Supporting Our Graduates

Author: Matt Storin ’64

It’s Commencement time at Notre Dame, several days of celebration, satisfaction and pride for graduates and their families. For the seniors, awaiting their bachelor degrees, it may well be a once in a lifetime passage. But how is it experienced by the faculty and staff, many of whom have seen a good number of these events come and go, year after year?

Matt Storin (far right) looks on as author Harper Lee receives an honorary degree in 2005, photo by Matt Cashore

Some of us are indifferent. For example, a relatively small percentage of our faculty of 1,000 actually attends. (Some, but certainly not all, may have commitments elsewhere.) For others of us it is important and it is bittersweet. We look forward to a quieter time of year on campus but we are painfully conscious that another year has gone, and with it some of the people with whom we’ve shared this campus over the past four years.

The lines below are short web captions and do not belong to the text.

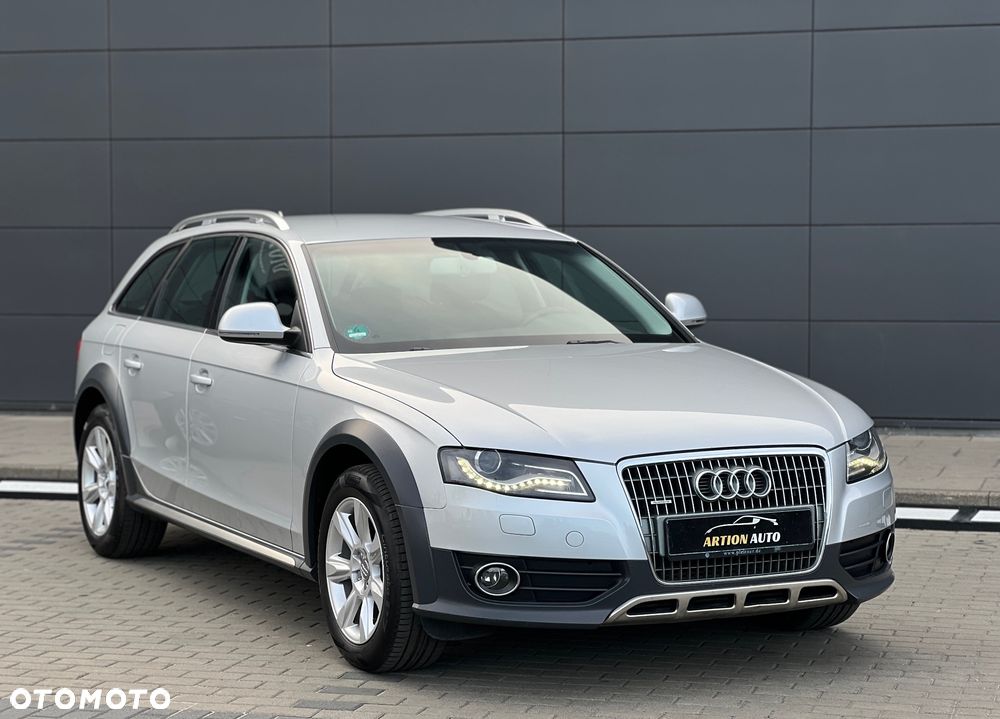 Audi A4 Allroad 2.0 TDI Quattro - 2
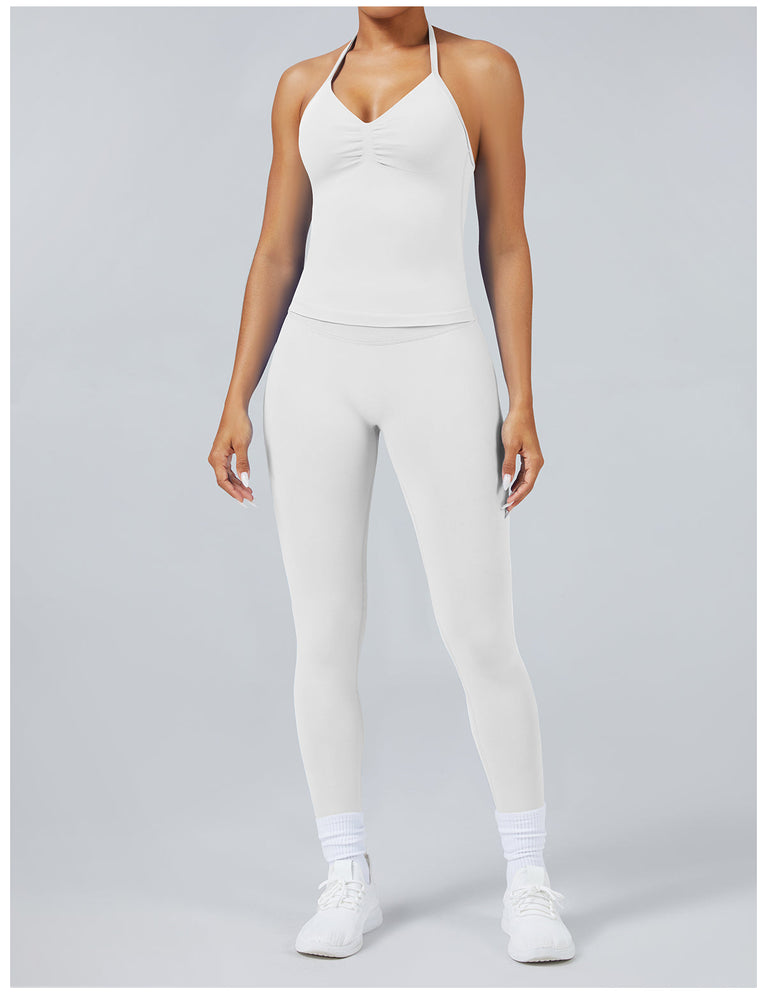 Longline Performance Training Top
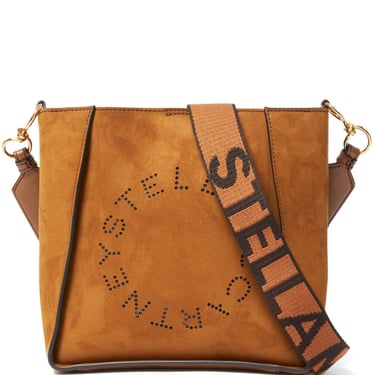 Stella Mccartney Women Stella Logo Mini Crossbody Bag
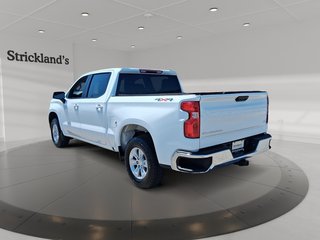 2025 Chevrolet Silverado 1500 Crew Cab Standard Box 4-Wheel Drive LT in Stratford, Ontario - 4 - w320h240px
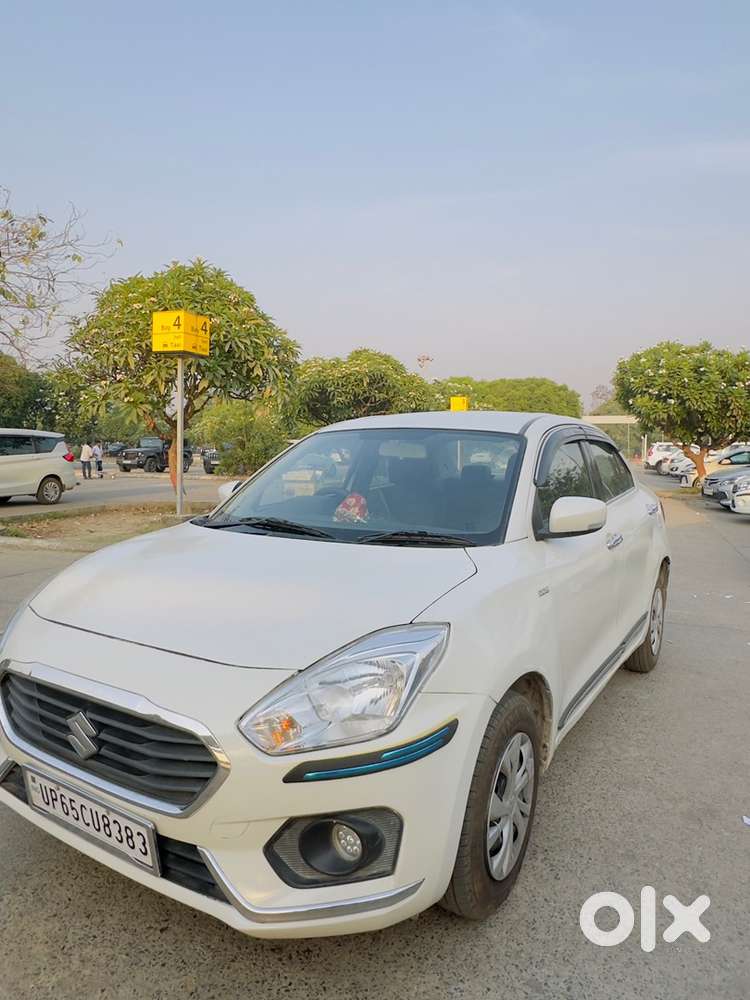 Maruti Dzire Vxi 2018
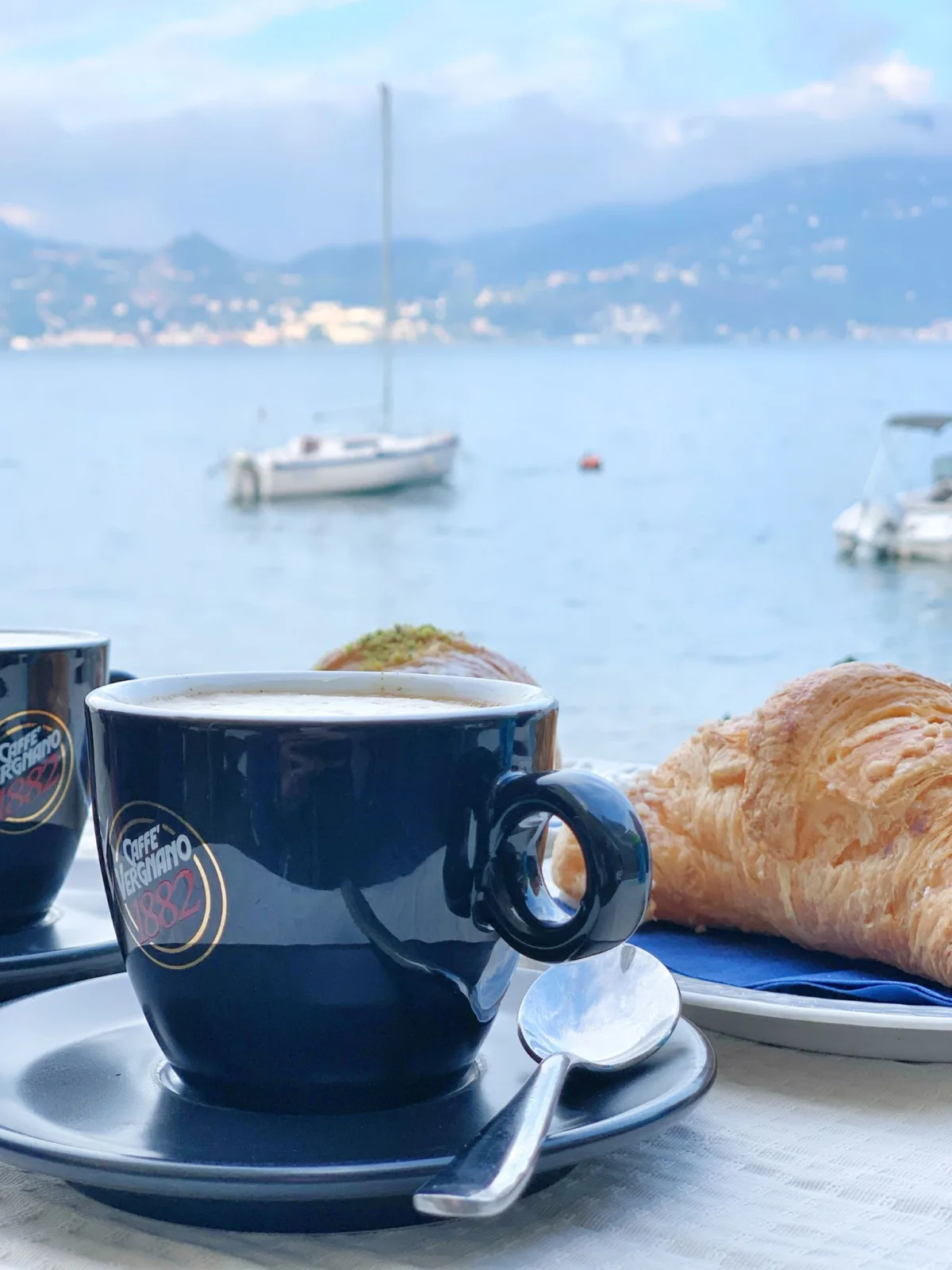 ruta por el centro del lago de como por libre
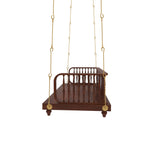 Hazel Inlay Tiled Hanging Swing — view 5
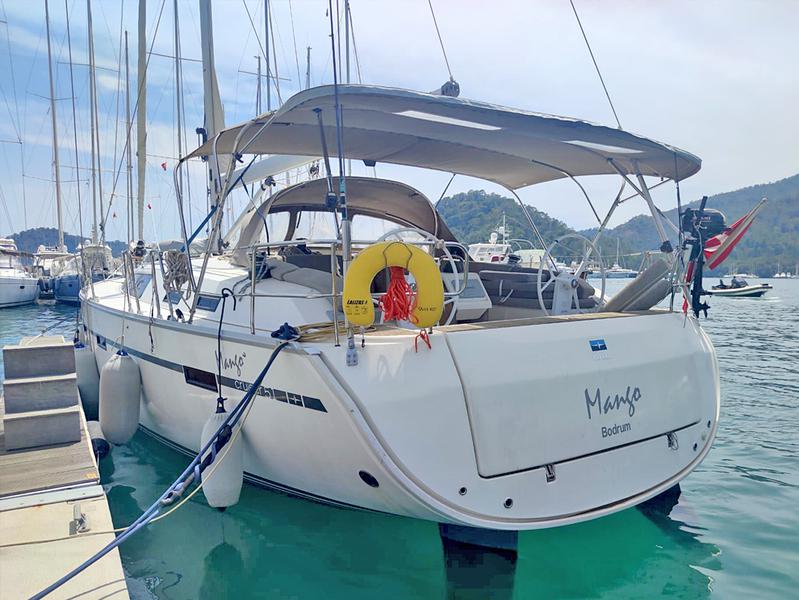 Book yachts online - sailboat - Bavaria Cruiser 51 - Mango - rent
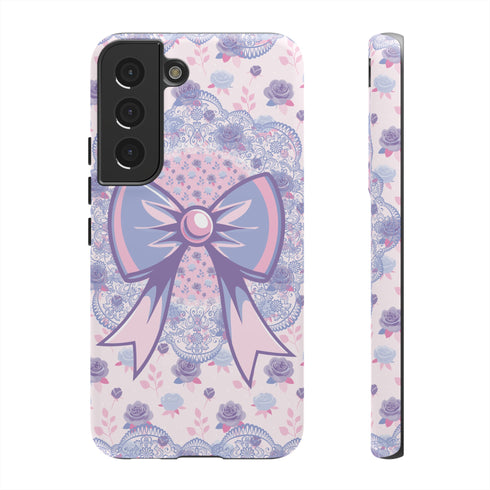 Coquette Bow Phone Case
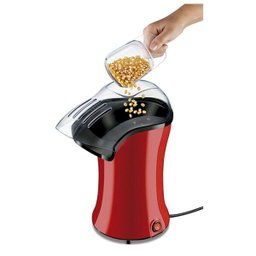 Pipoqueira Mondial Popflix PP-03 Vermelha 1200W 220V - 3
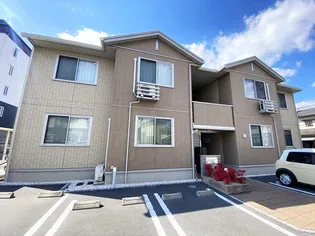 ウォームナガセ【1階】の外観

I’m not too admiring of our more indifferent colleagues, though they may have wholly reasonable points of view. Some may think Commencement is strictly for the students and families and that their work, whether as a teacher or administrator, has been done. For me, apart from the occasional melancholy emotion, it is a triumphant time. This is what we do – whatever our particular duty. We work through the years to see these young people prepare for life and go on to the journey ahead. Why not feel some pride? Why not take pleasure in seeing families at their best? We know that few families quite live up to the Norman Rockwell ideal, but on Commencement Day they sure look the part. And it’s a good day for the Notre Dame Family as well — the communal exuberance of the assembled graduates, their enthusiastic support for their Valedictorian’s address, the emotional singing of the alma mater — they are us at our best.

I’ve been to other college graduations, and they all have their traditions and their moments. But these rituals are right in our wheelhouse. Perhaps this was never more evident than during the 2009 Commencement when President Obama addressed a divided audience of graduates and families. A few outside protesters infiltrated the audience and tried to disrupt the president’s speech. The assembled graduates — at least a significant minority of whom opposed the honorary degree for Obama — immediately looked in the direction of the disrupters and chanted in unison, “We are ND.” It was a certifiable Notre Dame Moment. The message: we have our differences but no outsider is going to interrupt a time that is precious to us.

It is precious to them, and it is primarily about them. But for us in the supporting cast, it can be a time to remember and re-affirm what it is we are doing here.


Matt Storin, a former editor of The Boston Globe and former associate vice president for news and information at Notre Dame, is the University’s chief communications executive.